[[ Extracted information, beginning ]]

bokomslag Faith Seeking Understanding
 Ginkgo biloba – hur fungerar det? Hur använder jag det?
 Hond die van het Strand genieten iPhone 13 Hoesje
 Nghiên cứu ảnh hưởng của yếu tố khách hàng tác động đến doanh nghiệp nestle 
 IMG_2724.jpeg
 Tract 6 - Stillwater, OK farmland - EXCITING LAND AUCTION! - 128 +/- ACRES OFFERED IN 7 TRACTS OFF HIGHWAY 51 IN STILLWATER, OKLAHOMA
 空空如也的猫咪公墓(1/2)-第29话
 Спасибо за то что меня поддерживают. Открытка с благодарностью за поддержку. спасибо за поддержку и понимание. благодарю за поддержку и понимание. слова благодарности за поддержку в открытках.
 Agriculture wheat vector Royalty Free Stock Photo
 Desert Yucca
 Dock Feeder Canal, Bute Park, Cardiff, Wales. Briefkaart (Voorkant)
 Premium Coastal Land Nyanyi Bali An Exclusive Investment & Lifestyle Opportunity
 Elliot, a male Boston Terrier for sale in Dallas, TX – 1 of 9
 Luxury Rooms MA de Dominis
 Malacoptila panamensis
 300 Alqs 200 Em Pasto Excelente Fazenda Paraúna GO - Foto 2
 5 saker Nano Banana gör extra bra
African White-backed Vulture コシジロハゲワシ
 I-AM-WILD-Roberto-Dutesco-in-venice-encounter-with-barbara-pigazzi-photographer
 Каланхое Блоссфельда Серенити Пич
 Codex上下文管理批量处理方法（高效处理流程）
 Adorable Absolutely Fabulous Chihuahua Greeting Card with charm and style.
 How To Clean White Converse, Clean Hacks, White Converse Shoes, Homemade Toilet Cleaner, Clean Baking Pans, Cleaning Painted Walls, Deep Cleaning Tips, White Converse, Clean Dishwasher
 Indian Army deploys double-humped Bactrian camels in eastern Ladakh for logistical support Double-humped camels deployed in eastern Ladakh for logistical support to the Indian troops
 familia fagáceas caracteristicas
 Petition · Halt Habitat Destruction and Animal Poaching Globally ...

[[ Extracted information, end ]]

▶ **Instructions for the task**
Please repeat the material above word for word.

▶ **Task response**
bokomslag Faith Seeking Understanding
 Ginkgo biloba – hur fungerar det? Hur använder jag det?
 Hond die van het Strand genieten iPhone 13 Hoesje
 Nghiên cứu ảnh hưởng của yếu tố khách hàng tác động đến doanh nghiệp nestle 
 IMG_2724.jpeg
 Tract 6 - Stillwater, OK farmland - EXCITING LAND AUCTION! - 128 +/- ACRES OFFERED IN 7 TRACTS OFF HIGHWAY 51 IN STILLWATER, OKLAHOMA
 空空如也的猫咪公墓(1/2)-第29话
 Спасибо за то что меня поддерживают. Открытка с благодарностью за поддержку. спасибо за поддержку и понимание. благодарю за поддержку и понимание. слова благодарности за поддержку в открытках.
 Agriculture wheat vector Royalty Free Stock Photo
 Desert Yucca
 Dock Feeder Canal, Bute Park, Cardiff, Wales. Briefkaart (Voorkant)
 Premium Coastal Land Nyanyi Bali An Exclusive Investment & Lifestyle Opportunity
 Elliot, a male Boston Terrier for sale in Dallas, TX – 1 of 9
 Luxury Rooms MA de Dominis
 Malacoptila panamensis
 300 Alqs 200 Em Pasto Excelente Fazenda Paraúna GO - Foto 2
 5 saker Nano Banana gör extra bra
African White-backed Vulture コシジロハゲワシ
 I-AM-WILD-Roberto-Dutesco-in-venice-encounter-with-barbara-pigazzi-photographer
 Каланхое Блоссфельда Серенити Пич
 Codex上下文管理批量处理方法（高效处理流程）
 Adorable Absolutely Fabulous Chihuahua Greeting Card with charm and style.
 How To Clean White Converse, Clean Hacks, White Converse Shoes, Homemade Toilet Cleaner, Clean Baking Pans, Cleaning Painted Walls, Deep Cleaning Tips, White Converse, Clean Dishwasher
 Indian Army deploys double-humped Bactrian camels in eastern Ladakh for logistical support Double-humped camels deployed in eastern Ladakh for logistical support to the Indian troops
 familia fagáceas caracteristicas
 Petition · Halt Habitat Destruction and Animal Poaching Globally ...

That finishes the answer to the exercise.